Mesmo sem se conhecer, em profundidade, dos objetivos dessa projeção gaulesa, sabe-se que nas testadas norte da Grande-Serra existia ouro em abundância (Mina da Pedra Verde). Seria, então, esse o móvel da aventura. De qualquer modo, essa presença francesa junto aos seus aliados Tabajaras estimularia o plano de colonização, atraindo de outras procedências novos agregados. Transformou-se o reduto em verdadeira cidade, contendo cerca de 12 mil indivíduos e a desenvolver diversos misteres. Até rabinos, calvinistas e católicos se confundiam em suas batalhas de pregação. Deu-se ao lugar certo perfil urbano, com alinhamento de casebres e ruas, dentre estas a Rua de Paris, local de tavolagem, embriaguez e desordens ou réplica da vadiagem parisiense e Rua da Pedra Lipse, antro prostibular da "cidade". A denominação da rua tem origem no conceito popular segundo o qual se associa, a certas doenças venéreas, a emprego desse brutal medicamento na cura dos engalicados.
A comunicação com o litoral no tocante aos índices culturais, de aproveitamento e distribuição dos bens nativos e regionais, criou-se o sistema de postas, ligando o planalto serrano ao litoral. Dois pares de Índios eram colocados em espaços de légua em légua, um que descia em busca da praia e outro que retornava. A dupla praiana conduzia nas costas o peixe, o sal e quinquilharias do agrado nativo. A dupla serrana conduzia gêneros alimentícios e frutas. Por ocasião do encontro de cada par, dava-se a troca de produtos, de sorte que ao final de cada jornada não faltavam bens comestíveis de uma ou de outra região.

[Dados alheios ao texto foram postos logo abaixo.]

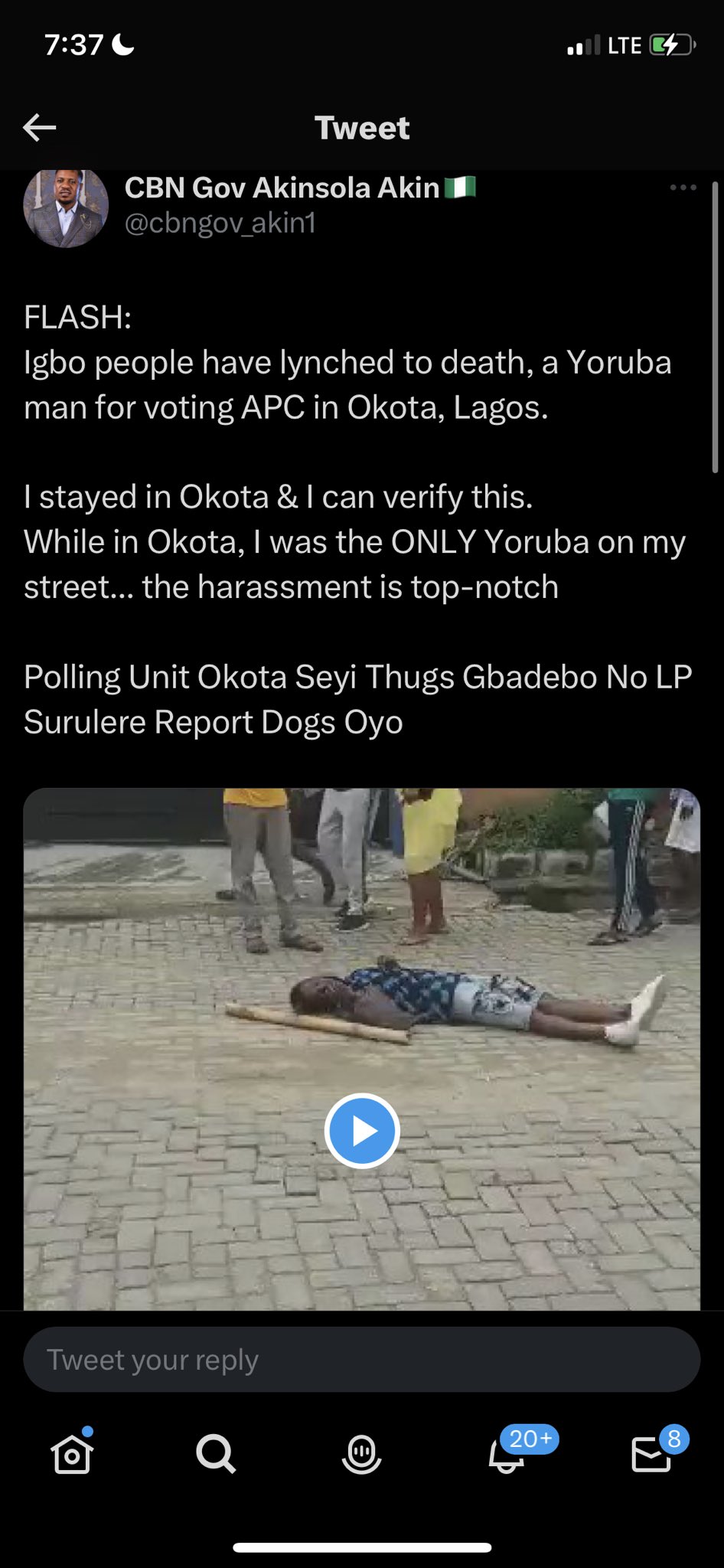 Preach Love On Twitter This Guy Has Twisted The Story To Cause Harm preach-love-on-twitter-from-oluti-amuwo-odofin-local-government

Expulsão dos Franceses - Esse tipo de civilização perdurou por espaço de 14 anos, quando Pero Coelho. Em janeiro de 1604 e em data que a História não registra, montou seu acampamento ao sopé da montanha, banda leste e a medir cerca de dois quilômetros dos alojamentos franceses. Pero Coelho fazia-se acompanhar de aproximadamente cinco mil indivíduos, entre militares, índios válidos, velhos, mulheres e crianças. Mandou tocar a corneta mincha, notificando a se rederem os ocupantes do reduto, porém estes não concordaram. Deu-se o confronto. Do lado de baixo estrondeavam os morteiros. De cima os céus se enegreciam cruzados de flechas. Ao cabo de seis meses, em que baixas se registraram em ambas as facções, triunfou a supremacia lusa. 10 franceses foram aprisionados e levados para Pernambuco, onde deveriam tomar novos destinos. Quanto aos líderes indígenas, estes foram submetidos e levados a juramento de fidelidade ao monarca português, perdendo dos seus domínios a soberania.